DISTRICT COURT OF THE UNITED STATES FOR THE MIDDLE DISTRICT OF ALABAMA NORTHERN DIVISION
Feb 19, 2019
CIVIL ACTION NO. 2:18-CV-1037-WHA [WO] (M.D. Ala. Feb. 19, 2019)

Opinion

CIVIL ACTION NO. 2:18-CV-1037-WHA [WO]

02-19-2019

KEON CONELIUS JUPITER, #306860, Plaintiff, v. JUDGE TUMAN M. HOBBS, and DISTRICT ATTY. DARYL BAILEY, Defendants.


RECOMMENDATION OF THE MAGISTRATE JUDGE

I. INTRODUCTION

This 42 U.S.C. § 1983 action is pending before the court on a complaint filed by Keon Conelius Jupiter, an indigent state inmate currently serving a three-year sentence for second degree rape imposed upon him by the Circuit Court of Montgomery County, Alabama. In this complaint, Jupiter presents claims challenging the constitutionality of his conviction. Doc. 1 at 2-3. Specifically, Jupiter alleges that his Montgomery County conviction for second degree rape subjects him to double jeopardy because he was previously convicted of second degree rape in Elmore County. Doc. 1 at 3. Jupiter names as defendants Truman M. Hobbs, the judge who presided over his criminal proceedings before the Montgomery County Circuit Court, and Daryl Bailey, the District Attorney for Montgomery County. Jupiter seeks release from his incarceration and monetary damages for the alleged violation of his constitutional rights. Doc. 1 at 4.

The case action summary sheet for Jupiter's second degree rape conviction maintained by the Alabama Trial Court System and hosted at www.alacourt.com contains detailed information relevant to the instant case. The court takes judicial notice of this case action summary. See Keith v. DeKalb Cnty., 749 F.3d 1034, 1041 n.18 (11th Cir. 2014).

Upon thorough review of the complaint, the court concludes that this case is due to be summarily dismissed prior to service of process in accordance with the provisions of 28 U.S.C. § 1915(e)(2)(B)(i), (ii) and (iii).

This court granted Jupiter leave to proceed in forma pauperis in this cause of action. See Doc. 3. A prisoner granted in forma pauperis status must have his complaint screened under the provisions of 28 U.S.C. § 1915(e)(2)(B).
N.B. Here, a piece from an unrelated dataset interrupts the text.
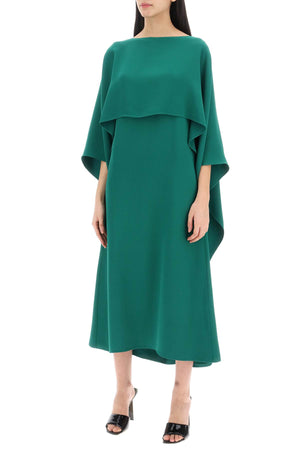 VALENTINO GARAVANI Cady Couture Cape Midi Dress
This screening procedure requires the court to dismiss the complaint prior to service of process if it determines that the claims raised therein are frivolous, malicious, fail to state a claim upon which relief may be granted or seek monetary damages from a defendant who is immune from such relief. 28 U.S.C. § 1915(e)(2)(B)(i)-(iii).

II. DISCUSSION

A. Judge Truman M. Hobbs

Jupiter entered a guilty plea to second degree rape on October 18, 2017 before the Circuit Court of Montgomery County, Alabama, a proceeding over which Judge Hobbs presided. Construing the complaint liberally, Jupiter alleges the Judge Hobbs violated his constitutional rights during the criminal proceedings that resulted in his conviction for second degree rape. Doc. 1 at 2-3. The claims against Judge Hobbs entitle Jupiter to no relief in this cause of action.
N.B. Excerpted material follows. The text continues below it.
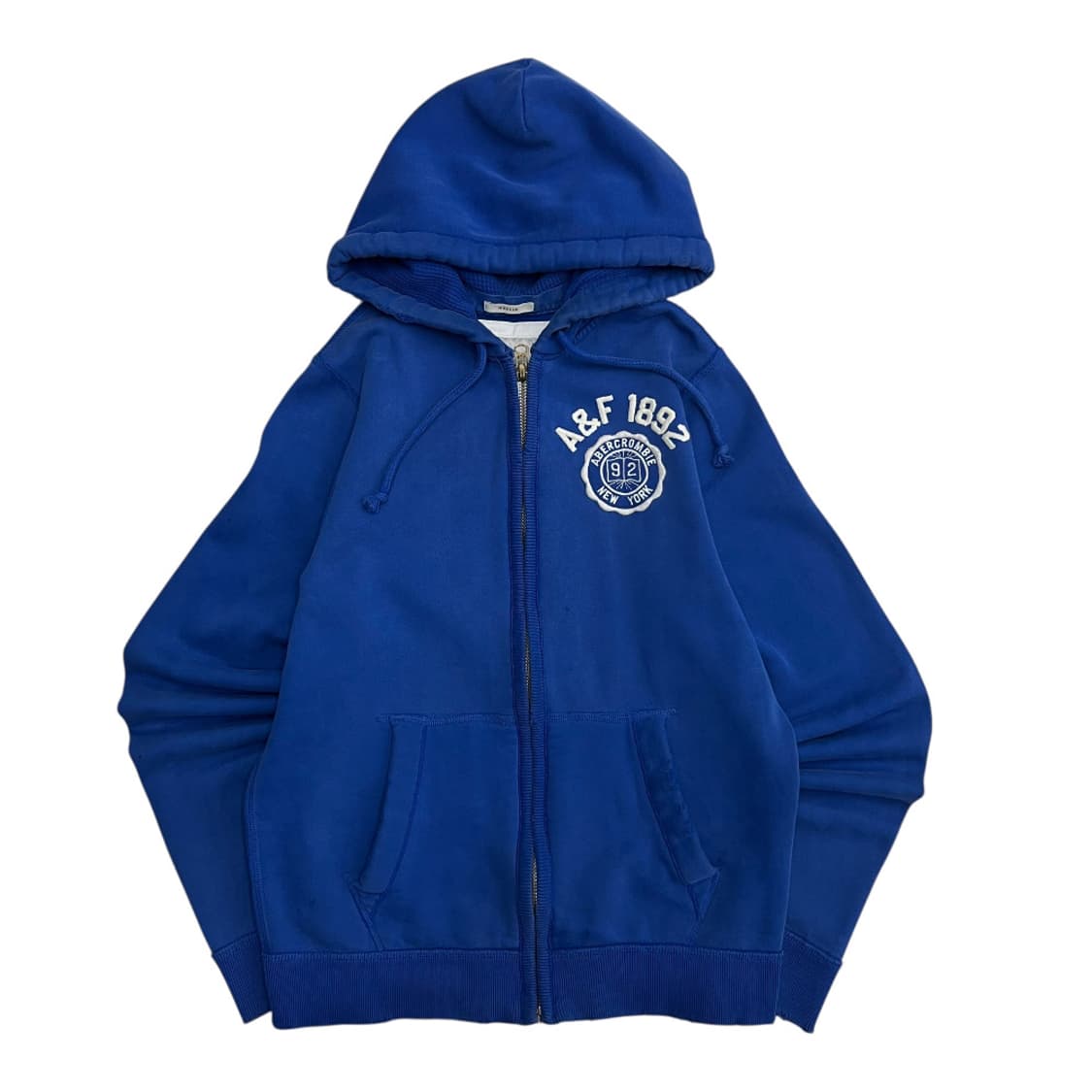 아베크롬비 센터로고 블루 후드집업 XL 상품이미지2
"[J]udicial immunity is an immunity from suit, not just from ultimate assessment of damages." Mireles v. Waco, 502 U.S. 9, 11 (1991) (internal citation omitted). "Judges are entitled to absolute immunity from suits for acts performed while they are acting in their judicial capacity unless they acted in complete absence of all jurisdiction." Allen v. Florida, 458 F. App'x 841, 843 (11th Cir. 2012). "A judge will not be deprived of immunity because the action he took was in error, was done maliciously, or was in excess of his authority; rather, he will be subject to liability only when he has acted in the clear absence of all jurisdiction." Stump v. Sparkman, 435 U.S. 349, 356-57 (1978) (internal quotation marks and citation omitted); Mireles, 502 U.S. at 11 (holding that "[j]udicial immunity is not overcome by allegations of bad faith or malice"); Allen, 458 F. App'x at 843 (same). "[T]he relevant inquiry is the nature and function of the act, not the act itself." Mireles, 502 U.S. at 12 (internal quotation marks and citation omitted). "This immunity applies to proceedings [brought] under 42 U.S.C. § 1983." Wahl v. McIver, 773 F.2d 1169, 1172 (5th Cir. 1981).
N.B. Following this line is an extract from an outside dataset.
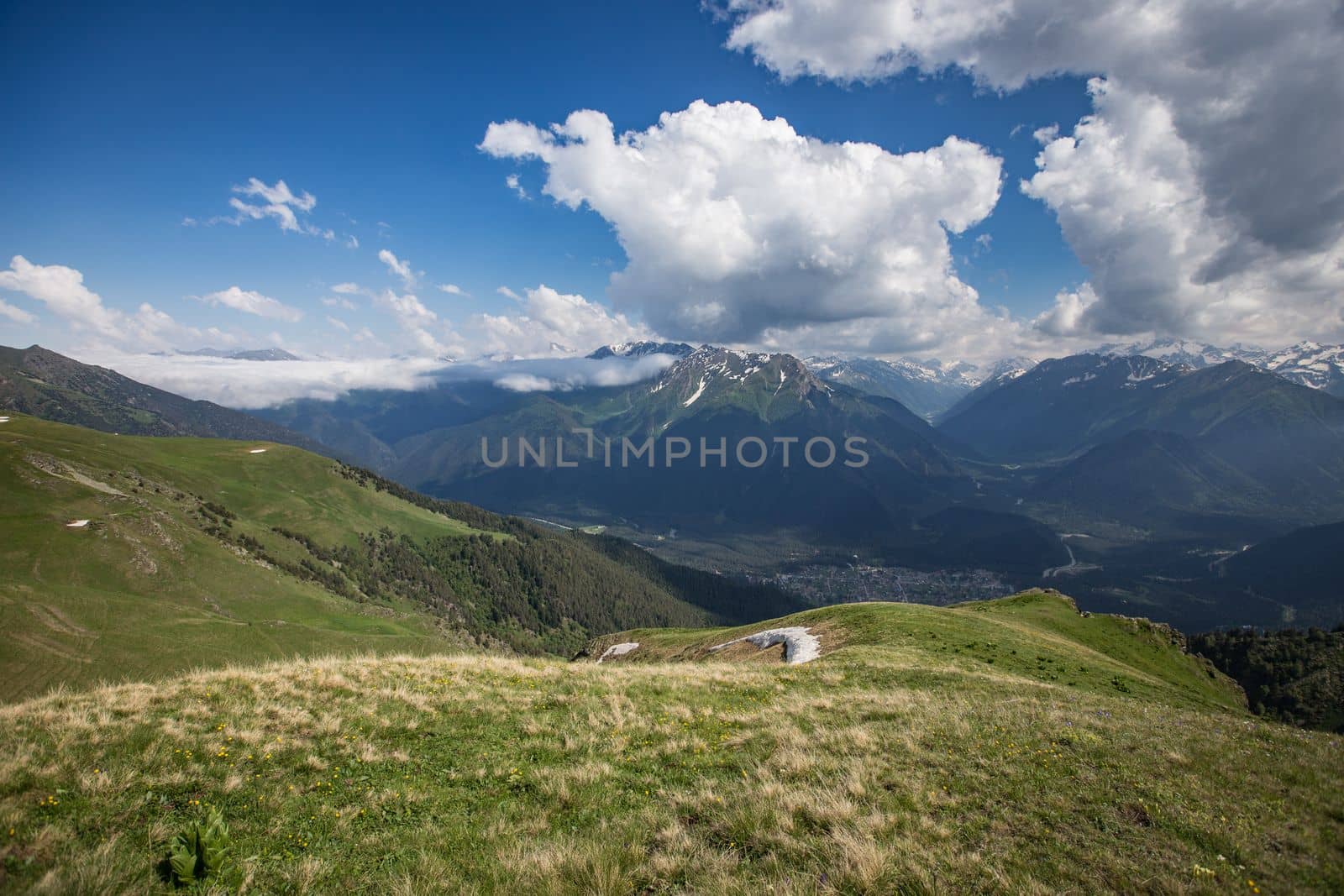 Fabulous magnificent view of Caucasus Mountains and sky. High quality photo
Judge Hobbs is absolutely immune from civil liability for any actions taken in his judicial capacity during state-court proceedings over which he presided pursuant to the authority granted him by state law. Hyland v. Kolhage, 267 F. App'x 836, 840-41 (11th Cir. 2008) (holding that, because a judge's "actions were taken within his judicial capacity and he did not act in the absence of all jurisdiction [in altering minutes of a sentencing hearing after completion of such hearing], he was entitled to absolute judicial immunity"); Stump, 435 U.S. at 356 (holding that where judge was not acting in the "clear absence of all jurisdiction" he is entitled to immunity even if Plaintiff alleges the action taken was erroneous, malicious or without authority). Consequently, Jupiter's claims against Judge Hobbs are "based on an indisputably meritless legal theory" and are therefore subject to dismissal in accordance with the provisions of 28 U.S.C. § 1915(e)(2)(B)(i) and (iii).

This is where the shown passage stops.